Le gustaba hablar de todo con todos. De cine, por ejemplo. Se acercaba a un redactor que escribiera de películas, por ejemplo, y le contaba que había ido a ver «Instinto básico», la película en la que Sharon Stone cruzaba las piernas sin ropa interior ante un atónito Michael Douglas, y exponía su risueño punto de vista.Y lo mismo hacía con libros o con cualquier asunto de actualidad que se pusiera por delante.

Actualidad, qué hermosa palabra. Vecina de otra que hacía buenas migas con Letizia: curiosidad. Al diablo la indiferencia. Aquella chavala que no dejaba indiferente a nadie (para bien o para mal, no se admiten medias tintas) no era de las que pasan de puntillas por los sitios.

Y la becaria pasó a dar la cara en televisión, y al principio le faltaba soltura, no acababa de llevarse bien con la cámara, tal vez porque aún no había aprendido a que su superávit de energía se encauzara en una expresividad natural y templada.

Pero si algo dejó claro Letizia Ortiz en su trayectoria como periodista fue un afán de superación incesante, unas ganas de crecer profesionalmente que convertían los errores en estímulos, en desafíos consigo misma para mejorar y dejar atrás inseguridades y dudas y miedos.

Cuando llegó a la gran pantalla de la actualidad en horario de máxima audiencia y se coló en los salones y cocinas de media España, Letizia Ortiz ya había abandonado su posición de aprendizaje para salir a campo abierto con una destreza y convicción que pasaban a limpio el borrador de periodista de cuerpo entero que se avecinaba: no sólo un busto parlante con el que poner buena cara a las malas noticias, sino una reportera capaz de chapotear en la actualidad más negra para contarlo, y, especialmente, para vivirlo: quien viera a aquella mujer con el micro en una mano y un imaginario puntero en la otra para subrayar sus palabras estaba viendo a alguien que disfrutaba al cien por cien con su trabajo, alguien que convertía cualquier viaje informativo en una ocasión para conocer mejor el mundo y sus entresijos de «prime time», la trastienda de los titulares, el corazón de la noticia.

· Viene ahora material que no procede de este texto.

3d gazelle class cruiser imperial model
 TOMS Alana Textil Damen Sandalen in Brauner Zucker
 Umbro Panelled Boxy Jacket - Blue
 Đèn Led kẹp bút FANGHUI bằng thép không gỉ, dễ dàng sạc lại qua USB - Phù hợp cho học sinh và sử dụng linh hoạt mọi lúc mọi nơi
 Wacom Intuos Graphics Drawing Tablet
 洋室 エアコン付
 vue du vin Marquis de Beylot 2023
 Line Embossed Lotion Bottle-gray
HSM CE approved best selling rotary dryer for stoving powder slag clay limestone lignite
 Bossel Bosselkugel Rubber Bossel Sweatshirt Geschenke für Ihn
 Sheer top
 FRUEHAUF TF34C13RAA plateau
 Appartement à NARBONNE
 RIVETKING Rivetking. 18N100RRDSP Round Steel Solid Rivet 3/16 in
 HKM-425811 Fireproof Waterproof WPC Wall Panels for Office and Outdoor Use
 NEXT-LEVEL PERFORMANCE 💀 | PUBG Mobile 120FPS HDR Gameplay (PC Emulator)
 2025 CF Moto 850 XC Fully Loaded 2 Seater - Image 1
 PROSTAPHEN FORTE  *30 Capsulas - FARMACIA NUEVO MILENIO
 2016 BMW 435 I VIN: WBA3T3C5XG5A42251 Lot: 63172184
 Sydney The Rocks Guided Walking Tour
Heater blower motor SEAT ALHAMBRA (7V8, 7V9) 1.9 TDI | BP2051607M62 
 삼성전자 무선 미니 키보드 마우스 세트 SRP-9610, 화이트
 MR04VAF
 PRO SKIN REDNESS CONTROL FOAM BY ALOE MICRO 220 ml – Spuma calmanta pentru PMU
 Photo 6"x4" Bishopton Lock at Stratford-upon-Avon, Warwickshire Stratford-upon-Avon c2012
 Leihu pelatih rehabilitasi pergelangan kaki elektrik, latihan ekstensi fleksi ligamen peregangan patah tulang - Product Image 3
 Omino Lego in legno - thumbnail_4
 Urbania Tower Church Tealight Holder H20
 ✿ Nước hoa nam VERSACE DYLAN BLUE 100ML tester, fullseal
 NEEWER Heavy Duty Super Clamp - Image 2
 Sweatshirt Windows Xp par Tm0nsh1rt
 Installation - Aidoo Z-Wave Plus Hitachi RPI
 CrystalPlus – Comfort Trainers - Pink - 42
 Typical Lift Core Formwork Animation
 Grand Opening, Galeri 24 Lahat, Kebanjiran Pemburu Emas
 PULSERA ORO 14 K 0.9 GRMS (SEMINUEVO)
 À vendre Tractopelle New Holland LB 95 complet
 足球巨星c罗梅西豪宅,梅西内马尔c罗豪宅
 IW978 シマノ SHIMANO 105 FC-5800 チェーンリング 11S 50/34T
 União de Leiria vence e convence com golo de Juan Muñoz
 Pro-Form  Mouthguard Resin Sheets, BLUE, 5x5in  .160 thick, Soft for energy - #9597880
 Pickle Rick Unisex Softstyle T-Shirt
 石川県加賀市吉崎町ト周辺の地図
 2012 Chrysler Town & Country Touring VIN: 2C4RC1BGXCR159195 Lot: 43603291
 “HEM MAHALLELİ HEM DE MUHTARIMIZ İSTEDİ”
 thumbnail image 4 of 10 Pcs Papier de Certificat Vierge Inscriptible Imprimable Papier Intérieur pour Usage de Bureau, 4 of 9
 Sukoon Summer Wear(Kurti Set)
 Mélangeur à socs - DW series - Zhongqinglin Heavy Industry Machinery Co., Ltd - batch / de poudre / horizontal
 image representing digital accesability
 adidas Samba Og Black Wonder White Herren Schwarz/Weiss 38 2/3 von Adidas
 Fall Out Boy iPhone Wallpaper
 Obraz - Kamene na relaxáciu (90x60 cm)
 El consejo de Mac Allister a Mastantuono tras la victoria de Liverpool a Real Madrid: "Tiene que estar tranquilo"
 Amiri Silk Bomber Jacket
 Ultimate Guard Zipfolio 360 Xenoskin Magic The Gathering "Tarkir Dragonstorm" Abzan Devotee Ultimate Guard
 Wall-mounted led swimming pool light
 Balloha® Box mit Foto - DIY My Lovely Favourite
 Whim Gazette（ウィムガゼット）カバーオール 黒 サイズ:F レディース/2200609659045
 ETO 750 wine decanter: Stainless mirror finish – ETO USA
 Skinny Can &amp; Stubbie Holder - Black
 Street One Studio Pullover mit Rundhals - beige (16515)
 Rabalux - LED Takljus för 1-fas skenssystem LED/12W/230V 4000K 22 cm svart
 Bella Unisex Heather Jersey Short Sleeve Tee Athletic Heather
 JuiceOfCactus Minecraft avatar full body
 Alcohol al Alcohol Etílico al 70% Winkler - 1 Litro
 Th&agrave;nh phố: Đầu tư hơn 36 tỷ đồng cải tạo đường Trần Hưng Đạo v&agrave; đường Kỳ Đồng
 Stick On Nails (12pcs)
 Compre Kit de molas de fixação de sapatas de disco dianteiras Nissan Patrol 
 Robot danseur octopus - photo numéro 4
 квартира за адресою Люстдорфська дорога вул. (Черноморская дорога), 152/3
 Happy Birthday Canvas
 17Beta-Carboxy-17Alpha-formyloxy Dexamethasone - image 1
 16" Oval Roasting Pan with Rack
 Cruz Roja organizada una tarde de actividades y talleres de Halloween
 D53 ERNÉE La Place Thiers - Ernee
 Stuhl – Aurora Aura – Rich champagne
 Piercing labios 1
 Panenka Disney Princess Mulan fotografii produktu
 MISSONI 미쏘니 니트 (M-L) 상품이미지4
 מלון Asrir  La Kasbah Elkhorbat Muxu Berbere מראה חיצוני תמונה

Un día, aquella chica que advertía sobre la singularidad de su nombre a quien estrechaba su mano y que no tenía reparos en poner peros a cualquier cambio que se les hiciera a sus textos, se convirtió ella misma en noticia y dejó estupefactos a propios y extraños al convertirse en la futura reina de España. En su nueva profesión, Letizia Ortiz ha vuelto a dar muestras evidentes de su capacidad para aprender de los errores, de su voluntad blindada para desarrollar sus condiciones en terrenos desconocidos, de su hambrienta curiosidad, de su carácter blindado contra el qué dirán quienes no la conocen y de su lealtad a sus amigos de siempre. Mientras parte de su familia política vive bajo un pertinaz aguacero, Letizia Ortiz llega a los 40 años bajo el protector paraguas de la fidelidad a sí misma.